George Weigel, Rescuing Gaudium et Spet, the New Humanism of John Paul II:

  1. GeS misdiagnosed what we’re now facing such as the negative effects of science, genetics, technology …
  2. GeS did address Communism and the errors of incorrect political and economic models. However, it didn’t give ample consideration to the challenges of “utilitarianism” and dictatorship of relativism
  3. GeS did not foresee the effects of hard feminism (Abortion on demand, definition of marriage, etc.)
  4. It didn’t see the rise of a new Gnosticism drawn from technology (Leading to gender as merely a “social construct,” mixing of animal and human genomes, biotech, etc…) which leads to a new “immortality project.”
  5. Sometimes modernization does NOT lead to secularism but to a new religious fervor (which can be positive in the case of evangelization or negative in the case of radical jihad).
  6. The scare of population growth has been debunked but now, ironically, the there are now real issues of achieving increased economic wealth in the face of Decrease in populations.
  7. Autonomy of secular society and “separation of Church and state” (potentially good) vs radical secularism.
  8. Economic inequality leading to war aided by UN.
  9. Theoretical atheism, even radical atheism, was considered by the Council Fathers but not radical total “metaphysical indifferentism” where people just DON’T CARE (about god, transcendence, etc…).
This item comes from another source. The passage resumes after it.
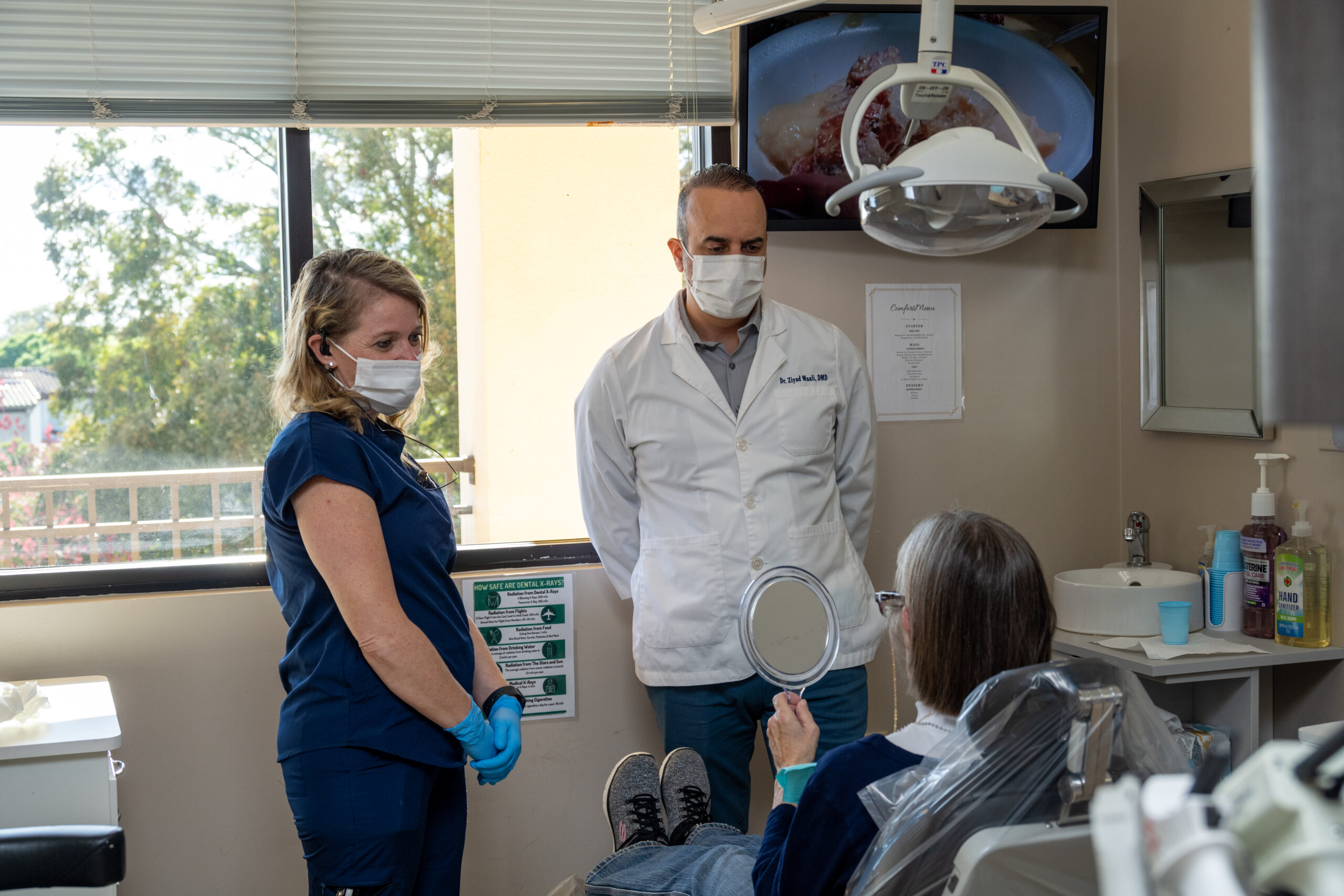 Dr. Maali and an assistant with a patient who is appreciating their new smile - Dentist Orlando Dr. Maali and an assistant with a patient who is appreciating their new smile - Dentist Orlando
They are spiritually bored, disinterested in meaning and then push to force this worldview on others using the political process.

Hope. What GES Offers:

  • Structural change is good but HUMAN change is central.
  • GeS is about:
    • What the world is,
    • What man could be,
    • The Church’s function in the world.
    • It calls:
      • Human intellect towards truth,
      • Human will towards good.
      • Freedom is not about “choice” but about excellence!”
      • “Christian humanism and anthropology are rooted in the nature of man, seeking the highest aspects of human nature and action (Destiny) vs. secularism which is a truncated vision.
      • Human destiny can ONLY be achieved in relationship with Christ and message of Gospel.